# Preparing a Fine-Tuning Dataset: Cleaning, Synthetic Data, and Eval Splits

> The dataset is the model. How to build a fine-tuning dataset that works — format, curation, cleaning, synthetic augmentation, and a leak-free eval split.

In fine-tuning, the dataset is the model — quality and coverage matter far more than size. Define the exact input/output format, curate high-quality real examples, clean and deduplicate ruthlessly, augment thin spots with validated synthetic data, and hold out a representative eval split before you train. Most fine-tuning failures are dataset failures, not training failures.
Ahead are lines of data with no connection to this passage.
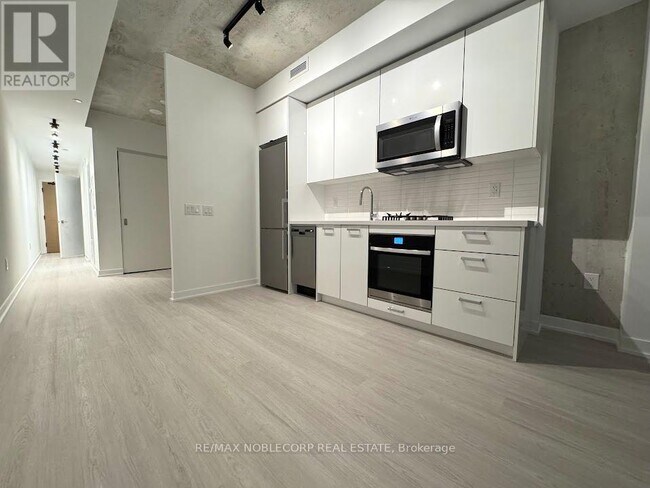 Photo du bâtiment - 195 McCaul St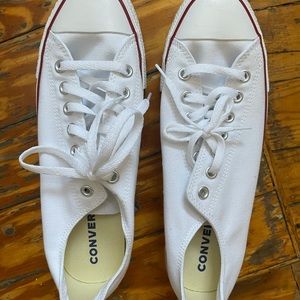 NWT optic white converse low tops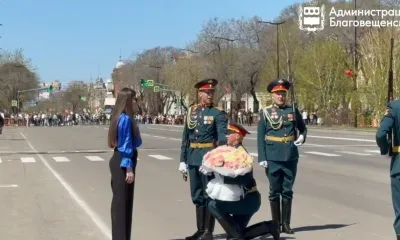 Предложение руки и сердца прозвучало на параде Победы в Благовещенске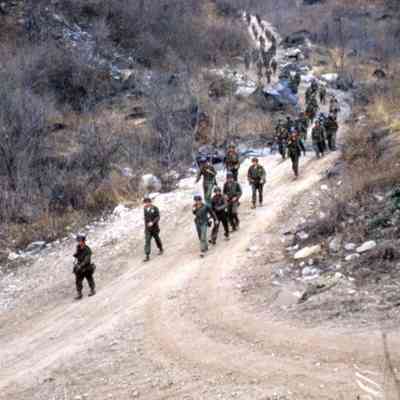 Soldiers coming off the line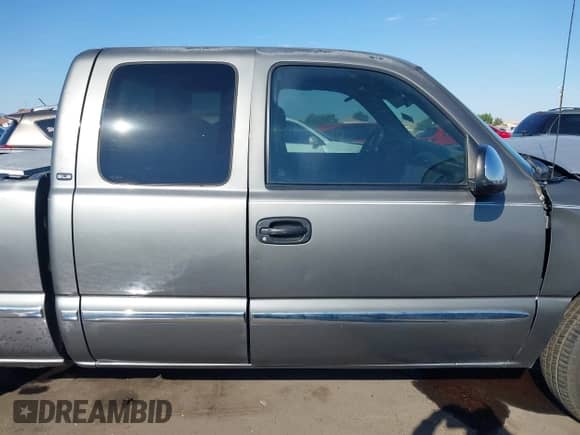2000 GMC Sierra 1500 SLE с VIN 2GTEC19T5Y1168507, выставлен на аукционе IAAI как лот 43311131 с пробегом 262 412 миль миль и . История ставок и продаж доступна на DreamBid. Изображение 13.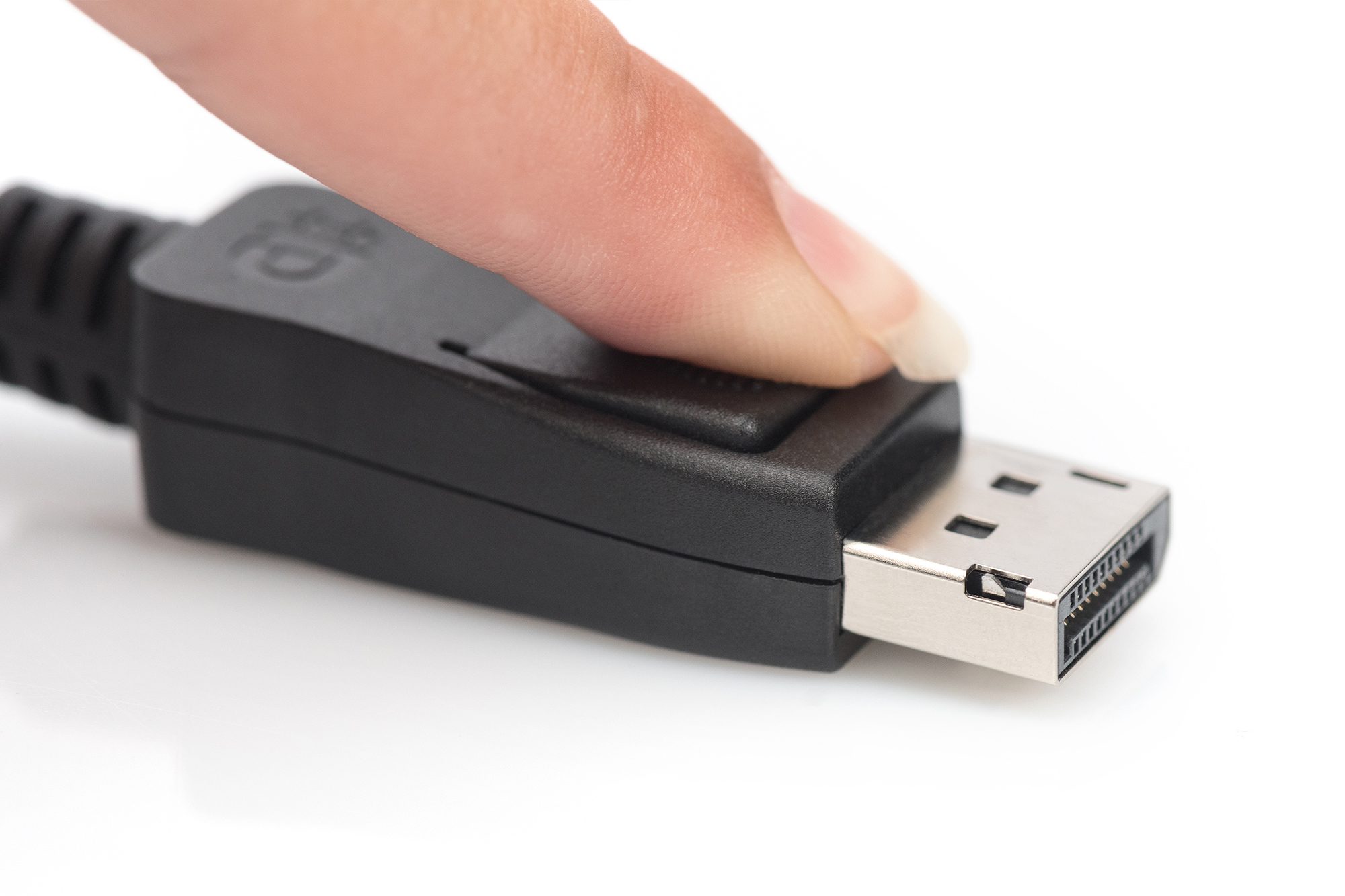 Un dito preme un pulsante su un connettore DisplayPort nero, pronto per essere collegato.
Almost every fine-tuning failure is a dataset failure. The training run is the easy, mechanical part; the model's quality is decided before training starts, by what's in the data. **The dataset is the model** — it learns exactly the distribution, format, and quality you feed it, including the mistakes. So the work is in preparation: the right format, clean and representative examples, careful augmentation, and an honest eval split.

## Quality and coverage beat size

The instinct to gather "as much data as possible" is usually wrong. A few hundred to a few thousand **clean, on-distribution** examples typically outperform tens of thousands of noisy ones, especially for parameter-efficient methods like LoRA/QLoRA. More data with errors, duplicates, or off-distribution noise doesn't help — it teaches the model the noise. Optimize for *representativeness* (does the set cover the real inputs, including the hard cases?) and *correctness*, then add volume only where evals show a gap.
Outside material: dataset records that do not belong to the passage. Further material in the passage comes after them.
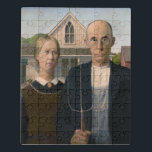 American Gothic: Country Life Poor Rural Bauer Puzzle<br><div class="desc">American Gothic: Es geht um das arme Landleben eines ländlichen Bauern und einer Familie. Kurz Story: Der Wind flüsterte Geheimnisse durch die hohen Mastalks, aber für Amos und Ruth kam das seltsamste Rauschen von jenseits der Leinwand. Sie hatten sich an die sich verändernden Gesichte gewöhnt - die Kunstkritiker mit ihren...</div>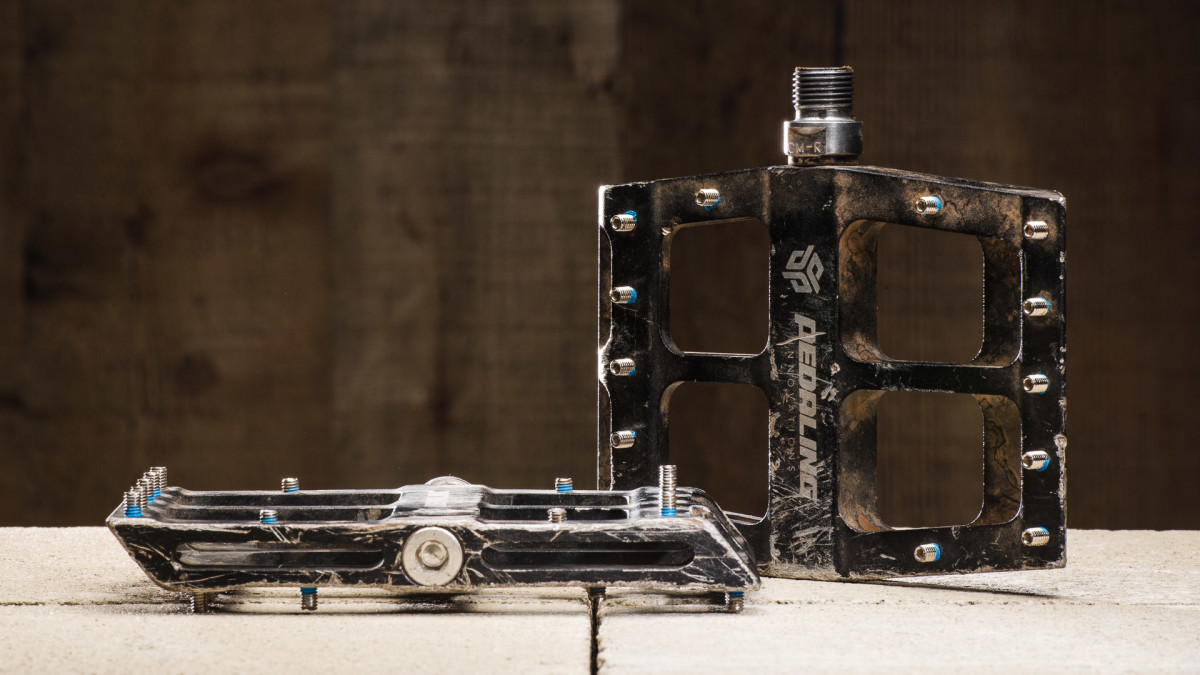 Catalyst deals flat pedals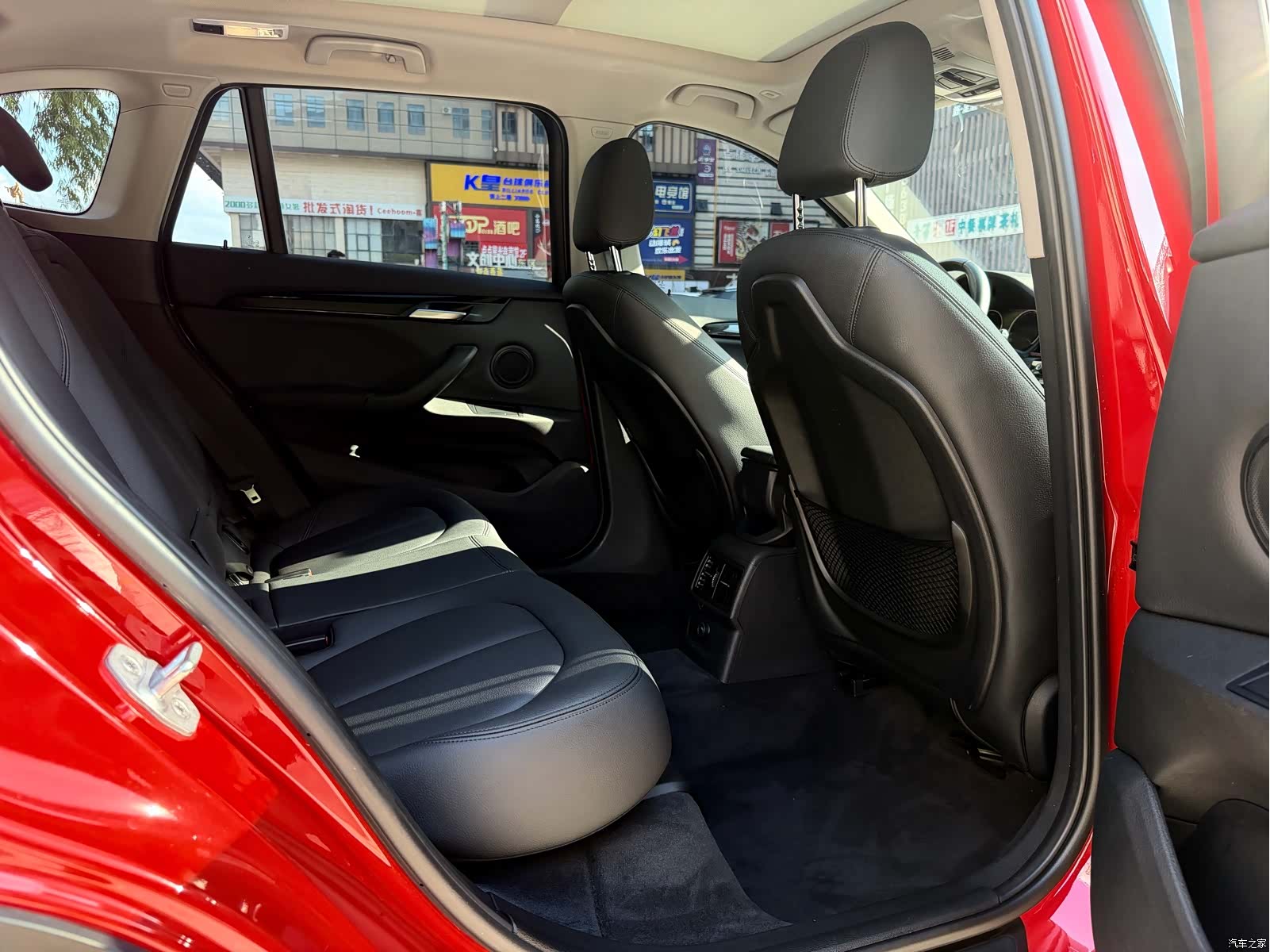 BMW X1, 2018 11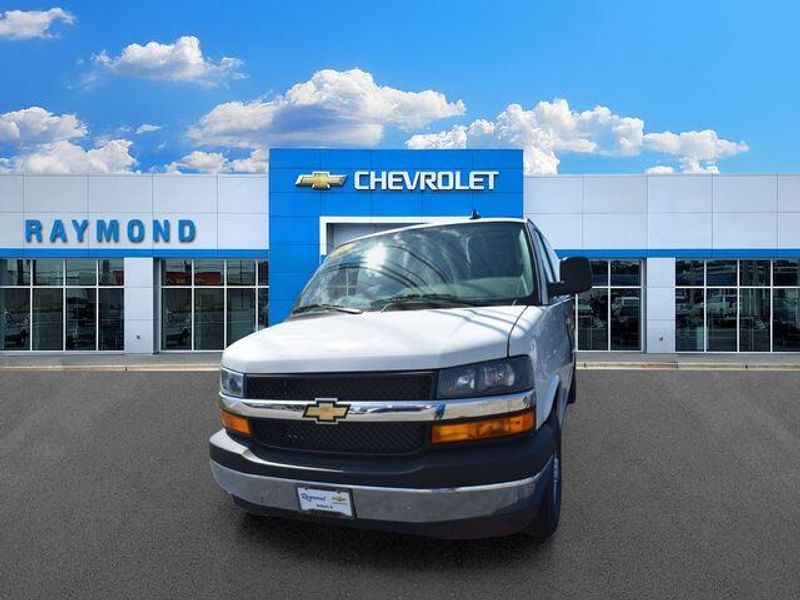 New 2025 Chevrolet Express 2500 Work VanImage 8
## The format is a decision, not a detail

Decide the exact input→output shape the model will see **in production**, and make the training data match it precisely — same roles, same structure, same tool-call format. If you fine-tune on a format you don't serve, you optimize a shape you'll never use and the gains evaporate at inference. Settle this first; everything downstream formats to it.

## Clean ruthlessly

This is the unglamorous step that matters most:

- **Deduplicate** exact and *near*-duplicates — they cause memorization and silently leak into your eval split, inflating scores.
- **Fix label/answer errors** — a wrong target is worse than a missing one; the model faithfully learns the mistake.
- **Strip PII and secrets** — both a privacy obligation and a way to stop the model regurgitating sensitive strings.
- **Normalize and balance** — consistent formatting, and no single pattern so dominant it crowds out the rest.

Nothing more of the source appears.